Hyeoun-Ae Park is the Emeritus Dean and a Professor at College of Nursing and a Researcher at the Systems Biomedical Informatics Research Center, Seoul National University.
Dr. Park received her BS in Nursing from Seoul National University in Seoul Korea, and her MS and PhD in Biostatistics and Health Informatics from the University of Minnesota in Minneapolis Minnesota USA. Her post-doctorate education includes a one-year fellowship in health informatics at the U of M, and one year of research in SNOMED CT at the College of American Pathologists.
A consistent theme in her research has been the use of standardized terminologies and vocabularies, and detailed clinical models in electronic health records.
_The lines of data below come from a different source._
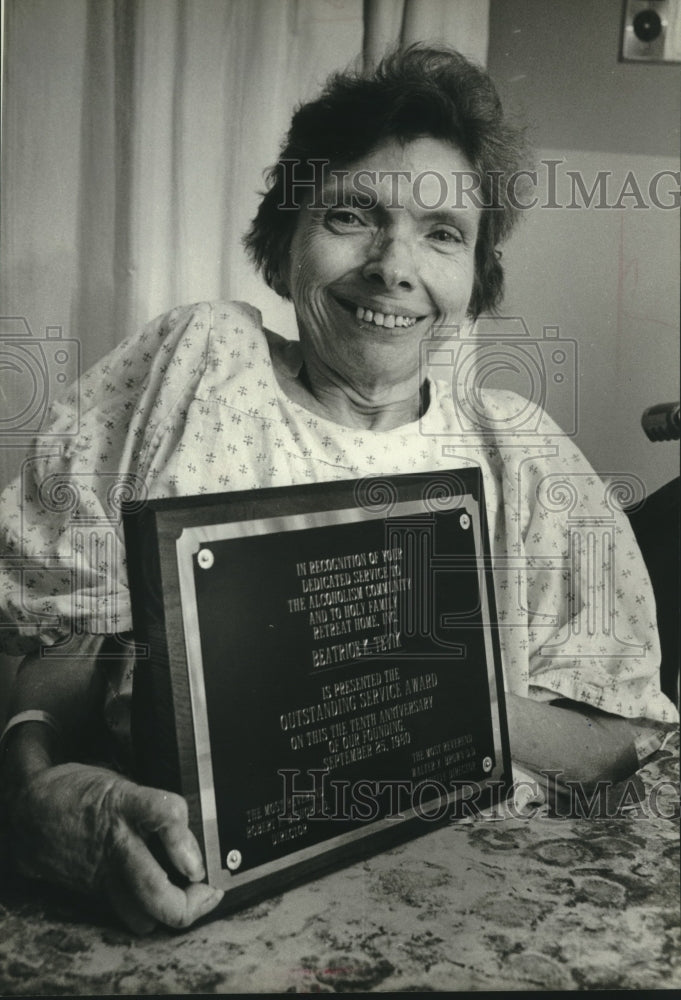 1980, Beatrice Tevik, with plaque, service to alcoholics, Milwaukee. - Historic Images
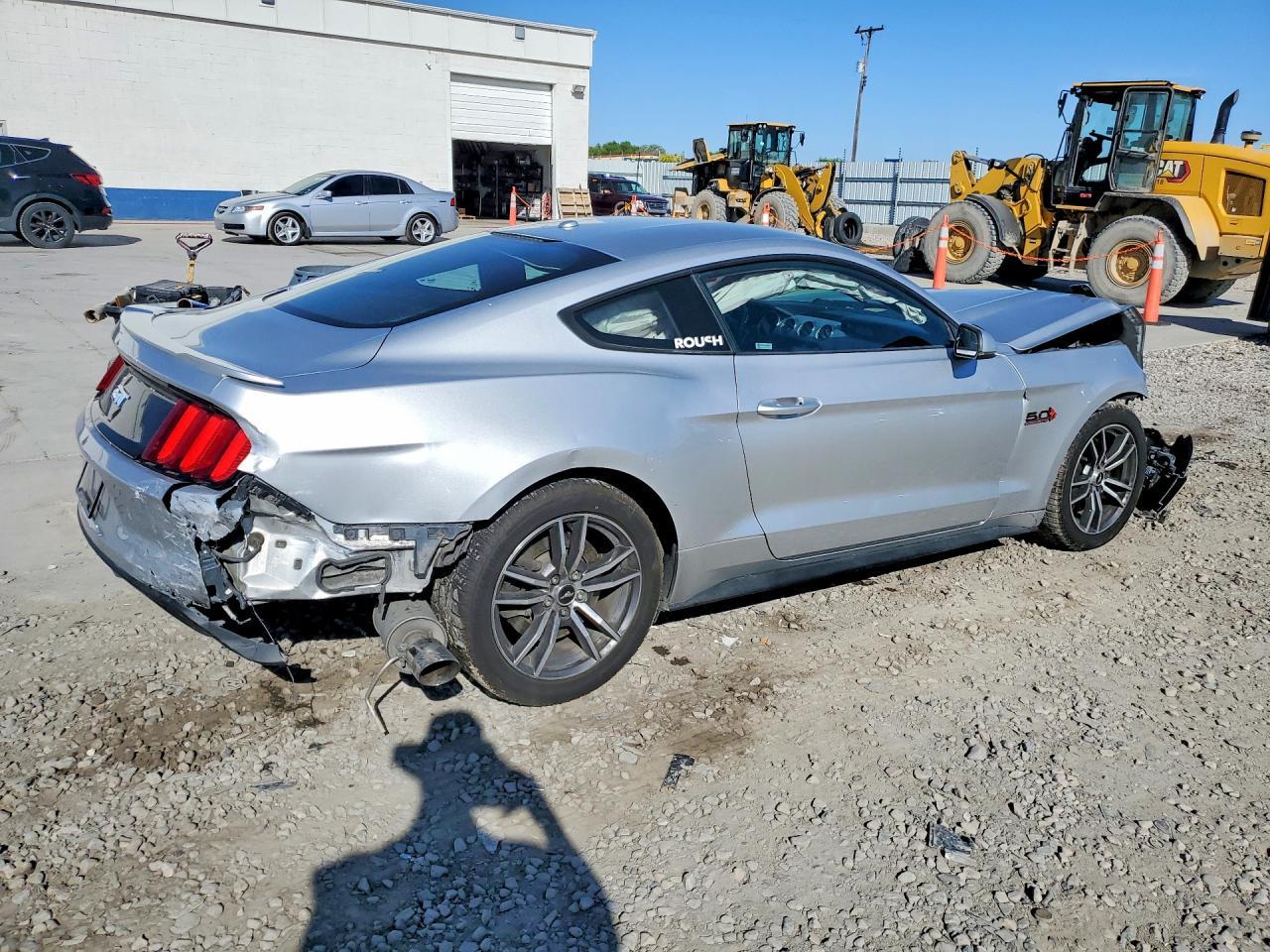 2016 Ford Mustang Gt - Image 3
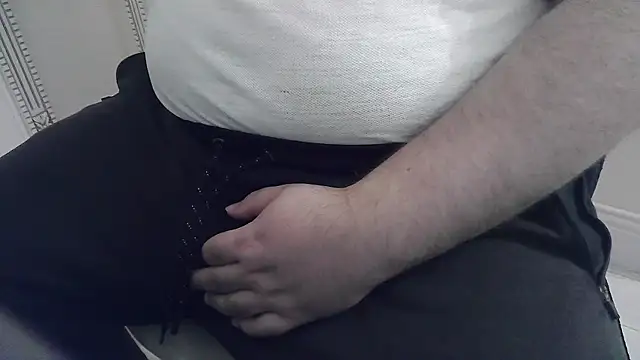 Snapshot of KIZLAZIMYaa chatting on 10.05.25 KIZLAZIMYaa online show from 10.05.25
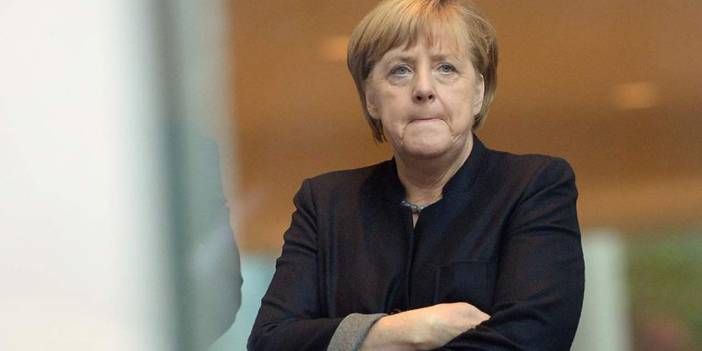 Aşırı sağcıların hedefinde Merkel var: İslamcıları sınır dışı edin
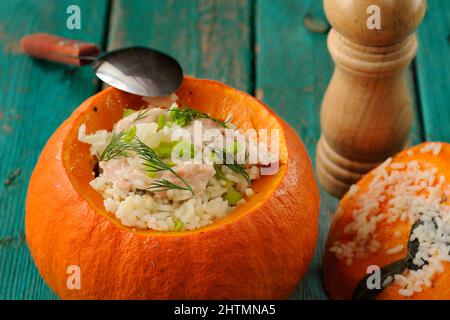 Citrouille entière rôtie avec riz et viande avec moulin à poivre Banque D'Images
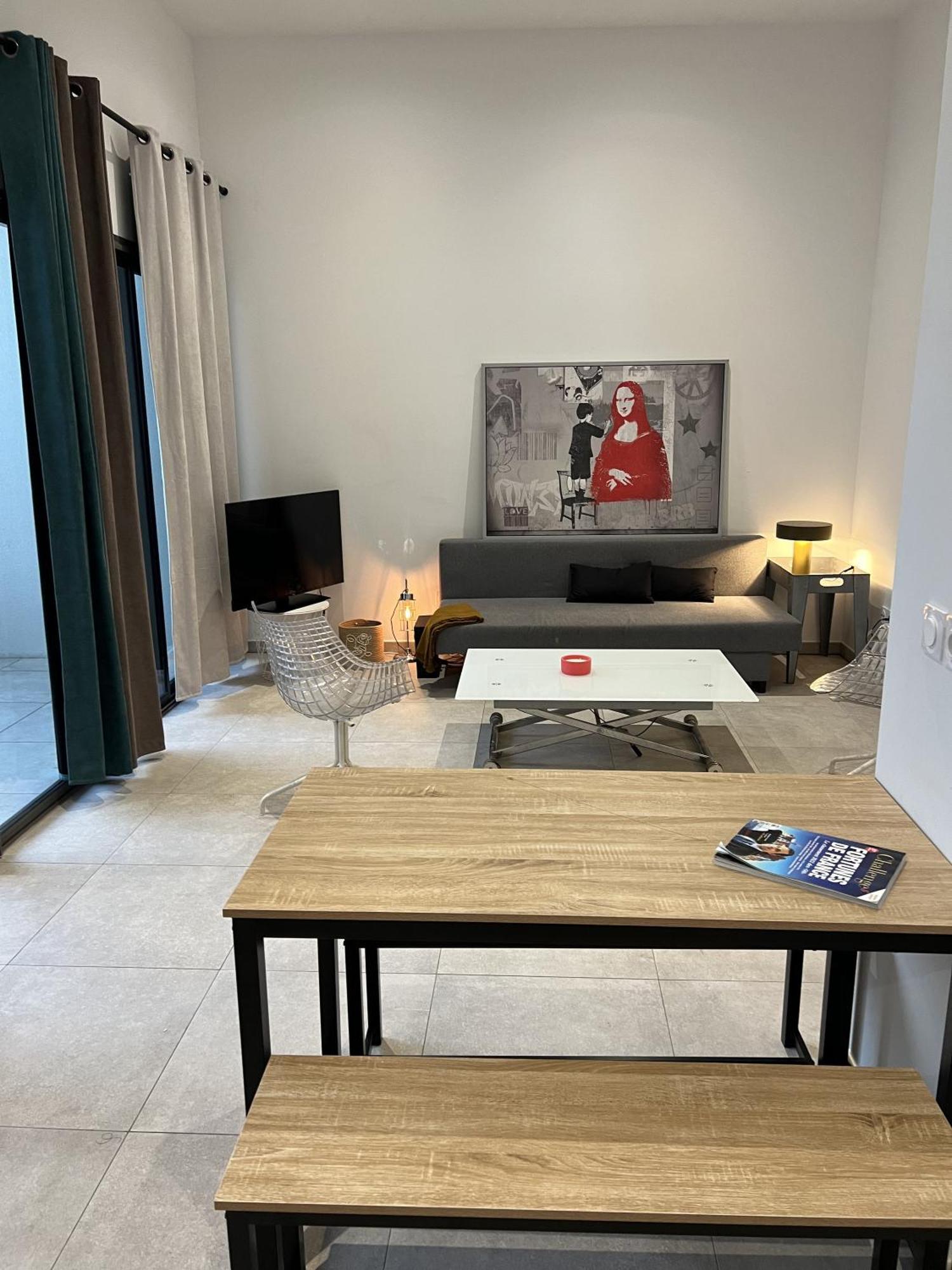 - Le Castel Apartment *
Recently her research topics have expanded to the use of big data analytics in healthcare, especially the use of clinical big data to predict the occurrence of patient safety problems such as fall, pressure ulcer and adverse drug reactions. Dr. Park authored and co-authored more than 200 articles published in national and international journals, more than 30 chapters in books published in Korean and English and she also made more than 100 presentations at national and international conferences on the areas of her expertise.
Her outstanding contribution in informatics is the introduction of informatics to nursing education and nursing practice in Korea. She was the first to offer a nursing informatics course in Korea. She introduced master’s and Ph.D programs in Nursing Informatics, again a first for Korea. She played a crucial role in implementing the first standard terminology-based electronic nursing records system in Korea.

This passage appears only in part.